-->

04 November 2016

Makalah Idealisme Plato (Forma, Becoming, Kebaikan Universal) Dan Realisme Aristoteles (Forma Materia, Teori Empat Causa, Etika Kebahagiaan)

Idealisme Plato (Forma, Becoming, Kebaikan Universal) Dan Realisme Aristoteles (Forma Materia, Teori Empat Causa, Etika Kebahagiaan)

A.     Pendahuluan

Sebagian besar orang mengatakan bahwa filsafat itu sangat susah dan sulit, namun demikian orang-orang tersebut tidak menyadari bahwa keseharian mereka di isi dengan filsafat, atau bisa dikatakan mereka telah berfilsafat dalam kehidupannya. Pemikiran seperti ini didasari, karena pemahaman mereka tentang filsafat masih sangat sedikit dan bahkan belum tau tentang filsafat itu apa.

Orang-orang terdahulu hingga sekarang, yang mencintai filsafat atau para filosof mengartikan filsafat yaitu mencintai kebijaksanaan, sehingga ketika berfilsafat berarti mereka telah mencintai kebijaksanaan, namun bukan berarti merasa dirinya sudah benar. Cinta kebijaksaan berarti akan selalu mencari bagaimana mendapatkan kebijaksaan itu, karena hal yang kita cintai tentulah ada usaha untuk mendapatkan hal tersebut.

Sejarah tentang filsafat ini membawa kita untuk mengetahui lebih banyak lagi tentang pemikiran-pemikiran para filosof terdahulu. Dengan hasrat ingin mengetahui pemikiran tersebut, membawa kita untuk lebih dalam lagi mengkaji tentang pemikiran filosof-filosof itu.

Perlunya mengkaji pemikiran tersebut adalah sebagai sarana untuk merangsang pikiran kita untuk bisa lebih berkembang lagi, dan lebih luas lagi. Dari sekian banyak pemikiran tersebut pemakalah akan mengangkat tentang pemikiran filosof Plato dan Aristoteles. Pemikiran Plato dan Aristoteles ini sangat menarik untuk di bahas, karena sebagaimana kita ketahui bahwa Plato dan Aristoteles dikenal sebagai bapak Filsafat.

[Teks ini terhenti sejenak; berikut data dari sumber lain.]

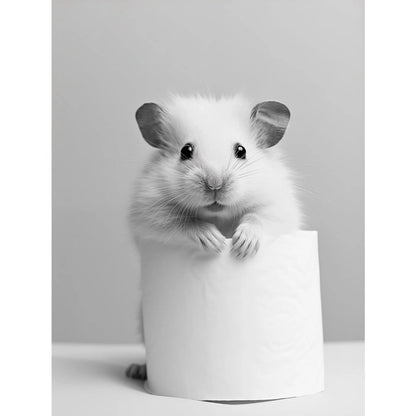 Black and White Cute Animal and Toilet Paper Poster Lion Owl Cat Dog Canvas Painting Wall Art Bathroom Living Room Home Decor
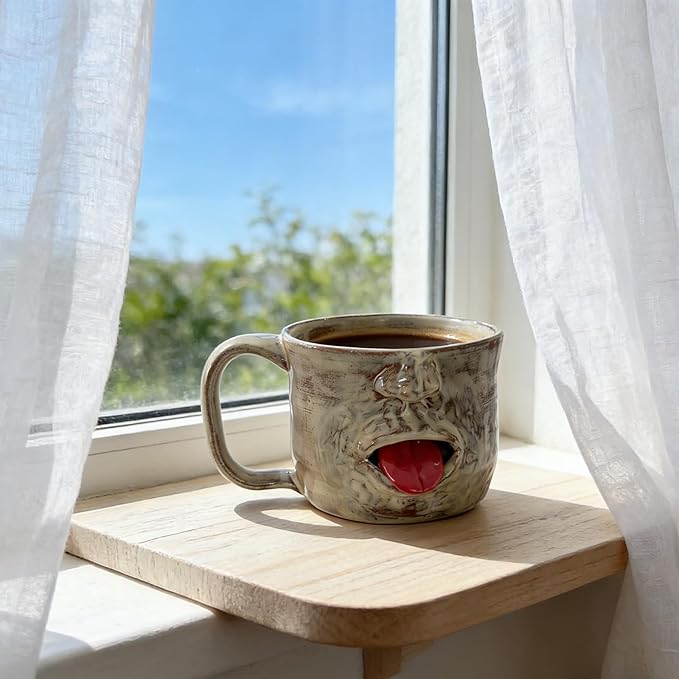 Handmade Face Shaped Ceramic Mug, Human Face Design Ceramic Coffee Cup, Funny Tongue Out Facial Ceramic Mug, Artistic Sculptural Facial Mug Cup, Novelty faces Mug Coffee Tea Desk Decor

Atas dasar pemikiran Plato dan Aristoteles inilah yang menjadi latar belakang pembuatan makalah ini, Sejarah filosof dari thales sampai socrates belum pernah terdengar bahwa mereka menuangkan pemikiran mereka ke dalam sebuah tulisan, karena mereka lebih bersifat dialektika. Namun, setelah masuk zamannya Plato, kemudian pemikiran-pemikiran filsafat itu pun dibukukan, sehingga ada sebuah pedoman atau bahan untuk generasi berikutnya yang ingin mengkaji tentang pemikiran para filosof terdahulu.

B.     Pembahasan

1.      Plato

Plato dilahirkan sekitar tahun 428/427 SM di Athena. Dan meninggal di sana pada tahun 347 SM. Dalam usia 80 tahun. dia berasal dari keluarga bangsawan. Salon (abad ke-6 SM), sang pemberi hukum bagi Athena, adalah salah satu kakek dari sisi ibunya. Sementara dari pihak ayahnya, ia masih keturunan raja terkakhir Athena. Plato memiliki dua saudara ( Adimantes dan Glaukon ) serta satu saudari (Potone). Saat Plato lahir, Athena merupakan sebuah Kota yang paling berkuasa di Yunani dengan sistem demokrasi. Kekuatan militer dan maritimnya nomor satu, kultur intelektual dan artistiknya jauh mengatasi polis-polis lain di Yunani. Dia masih mudah ketika Athena kalah perang, dan dia menunjuk sistem demokrasi lah penyebab kekalahan itu.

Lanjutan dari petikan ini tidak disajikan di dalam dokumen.